Done deal or no, the looming question facing San Antonio’s finest is a financial one. I suspect if they take the advice of many in attendance at the recent public forum on a pending rate hike, and commission their own study by a qualified consultant, they will see the that now is no time to gamble on reinvesting in nuclear power.

Now is the time to kick-start a new green economy and push Texas to the front of the pack when it comes to solar and efficiency innovation and production. Quick, someone tell the PUC. Wait, thousands of you just did. Word is, you crashed their server too! Attaway.

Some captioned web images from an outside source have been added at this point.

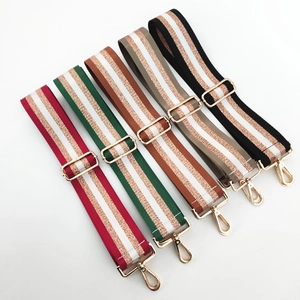 Adjustable nylon shoulder straps in five colors with golden glitter stripes and metal buckles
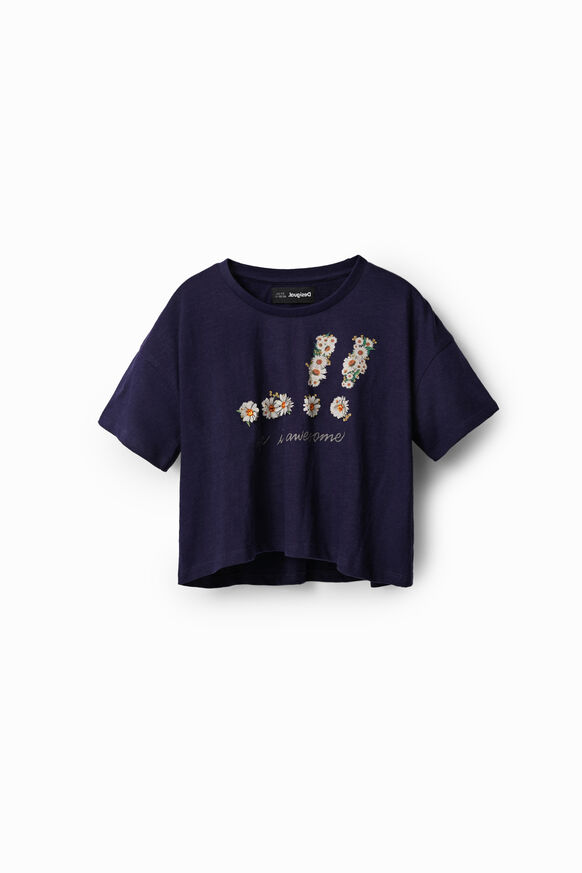 Cropped T-shirt met madeliefjes | Desigual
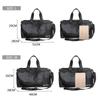 Men's Leather Travel Foldable Portable Shoes Luggage Large Capacity Travel Tote Women Duffle Bag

Now if we just had a cadre of visionaries to to fill in soon-to-be-vacated top tiers within CPS itself… Ah, daydreams do wander.

hotter west

Nukes are promoted for their supposed environmental merit: chiefly, that they are a low emitter of global warming culprit CO2.

But they have a variety of disadvantages, including the fact that their power source and waste products include the deadliest and longest-lived substances, some naturally occurring, most engineered.

Also, they are heavily reliant on fresh water for cooling the reactors. With ongoing climactic warming, it is expected that almost a quarter of the United State’s current 104 nuclear reactors may have to shut down because of drought in the near future.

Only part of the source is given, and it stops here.